Vous l’avez compris, cela s’est passé en Côte d’Ivoire. Il s’agit certainement encore d’un crime rituel. Déjà en 1950 lorsque je suis arrivée dans ce pays, je me souviens qu’à une certaine époque de l’année, les boys ne voulaient pas rentrer trop tard chez eux le soir tant ils redoutaient ces sacrifices humains.
Par qui étaient-ils perpétrés ? Je ne l’ai jamais su précisément. On parlait entre autres de pêcheurs qui jetaient ces organes à la mer afin que les dieux Neptune ou Poséidon les protègent, leur procurent des pêches plus abondantes, la santé pour leur bétail, leur famille, l’éradication d’une endémie etc…

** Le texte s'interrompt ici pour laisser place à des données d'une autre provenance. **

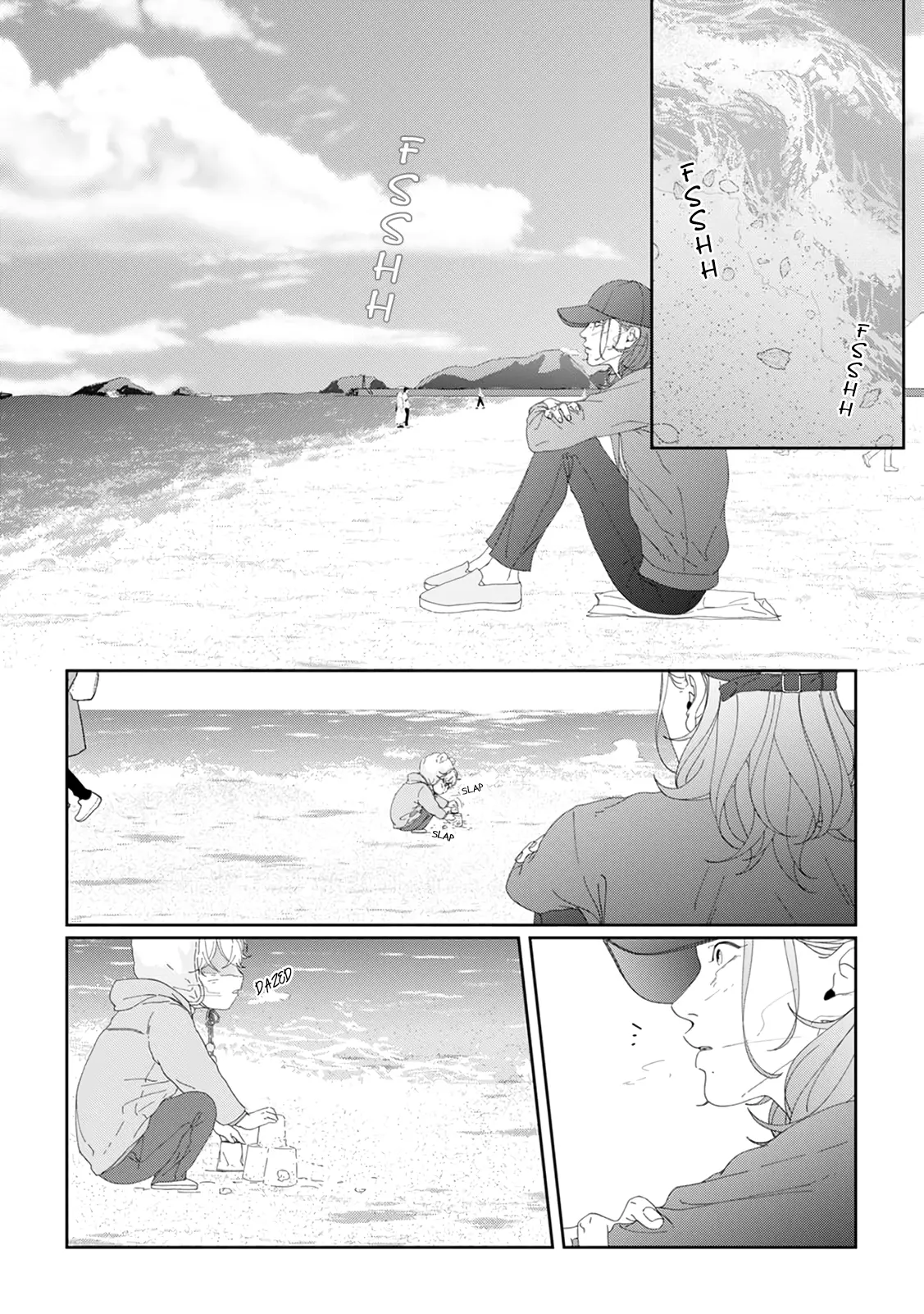 Namo Shirazu - Chapter 8: [End]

Ne croyez-pas cependant que ces sacrifices qui perdurent soient uniquement l’apanage d’un petit peuple ignorant, illettré, analphabète. Non. Ces croyances sont encore bien ancrées également dans des esprits cultivés, nourris d’études supérieures, évolués, ouverts à la modernité, des esprits qui ont voyagé à travers notre planète.
J’ai quitté la Côte d’Ivoire en 2002 et je retrouve parmi des coupures de journaux qui m’avaient amusée au cours de ma vie africaine, un dessin humoristique d’un excellent dessinateur Ivoirien, paru alors dans Fraternité Matin dont la légende est celle-ci : « Vous savez tous que je suis un grand gbasseur » (féticheur). Si vous ne votez pas pour moi, je vous transformerai tous en poulets ! »

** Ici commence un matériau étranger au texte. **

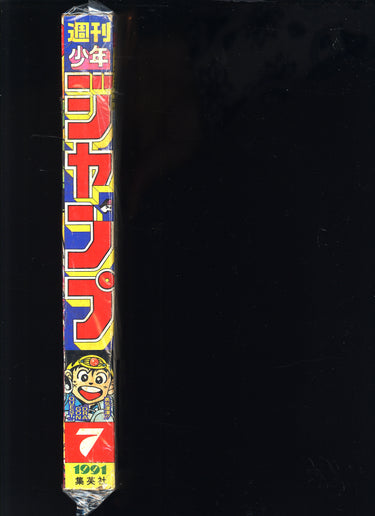 週刊少年ジャンプ WEEKLY SHONEN JUMP 7 1991 USA SELLER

Cela m’amène à penser à l’un de mes romans « Les coupeurs de langues » que j’ai écrit alors que je vivais encore en Côte d’Ivoire.

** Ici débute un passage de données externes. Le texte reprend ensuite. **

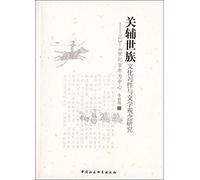Aristocratic cultural habits related secondary research and literary ideas: 3-4 Centennial centered(Chinese Edition)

Regardez-bien la couverture. Lisette était cachée à croupetons derrière la grosse bille de bois échouée sur la rive. Ce qu’elle a vu était si effrayant qu’elle a dû attendre que la plage redevienne déserte pour rejoindre sa « Chaumière » d’Azuretti.
Le sacrifice humain auquel elle venait d’assister était en fait perpétré par un mystérieux esprit, parfaitement dégagé de toutes ces croyances bien que lui-même rattaché à la mer, un esprit intelligent qui avait compris l’intérêt de les exploiter pour desservir un important trafic international.